==== DATASET SECTION ====

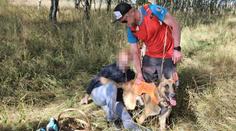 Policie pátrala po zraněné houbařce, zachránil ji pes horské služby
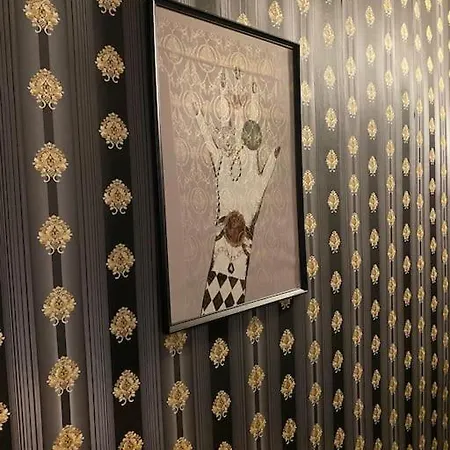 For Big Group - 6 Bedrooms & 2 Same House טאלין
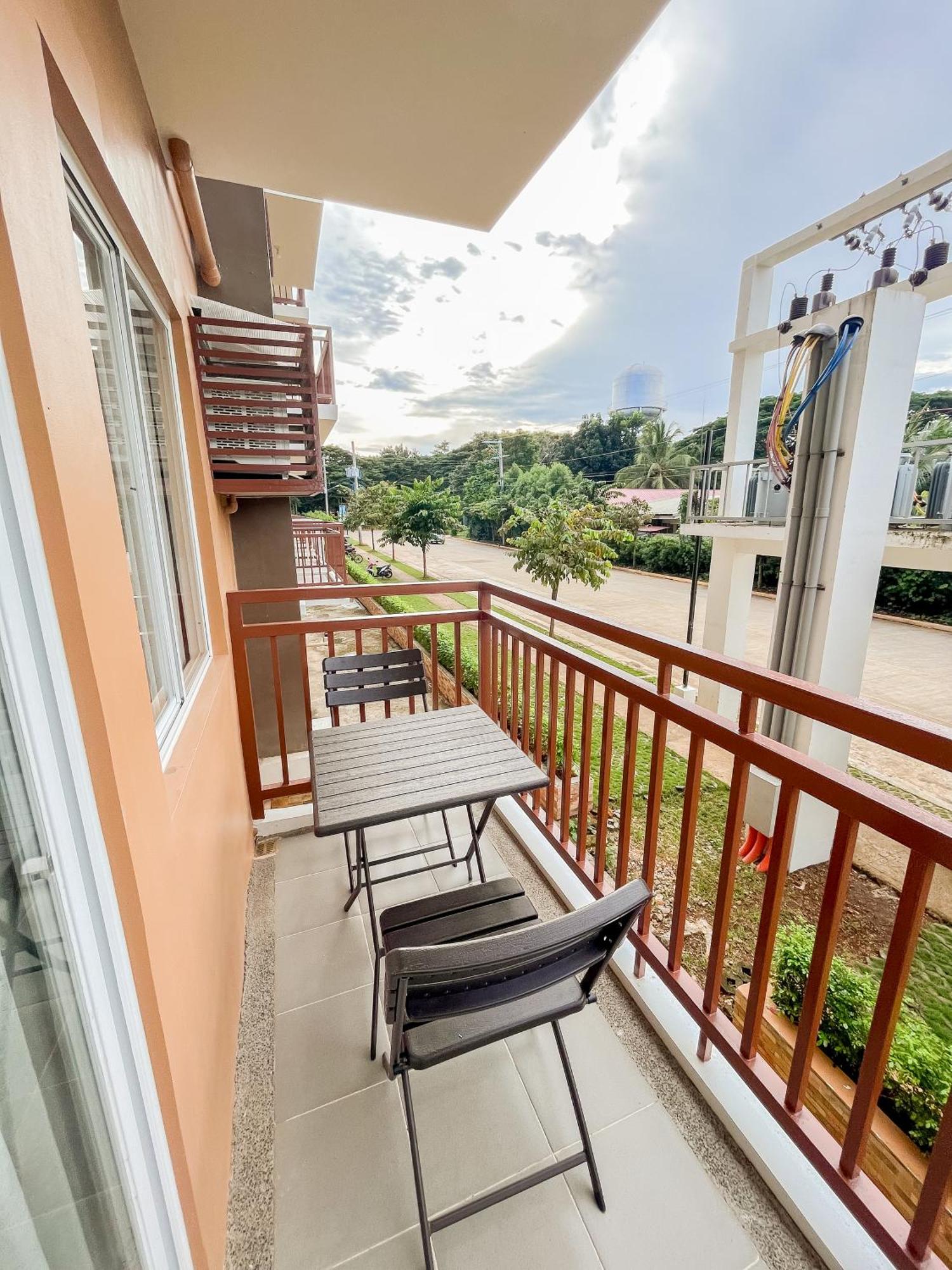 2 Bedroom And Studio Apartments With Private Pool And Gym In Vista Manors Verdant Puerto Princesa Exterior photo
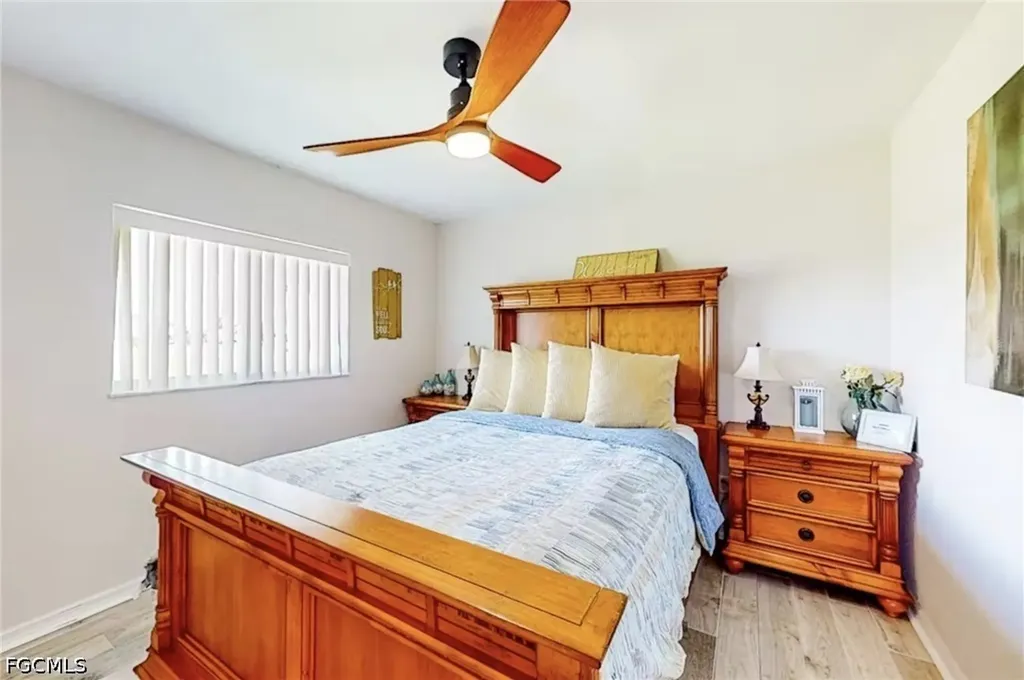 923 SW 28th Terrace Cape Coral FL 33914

====

**WORK INSTRUCTION**. The range to transcribe runs from the line holding "2 Bedroom And" through the final line of the data above; copy it exactly and exclude the pictures.

**RESPONSE TO THE TASK**.
 2 Bedroom And Studio Apartments With Private Pool And Gym In Vista Manors Verdant Puerto Princesa Exterior photo
 923 SW 28th Terrace Cape Coral FL 33914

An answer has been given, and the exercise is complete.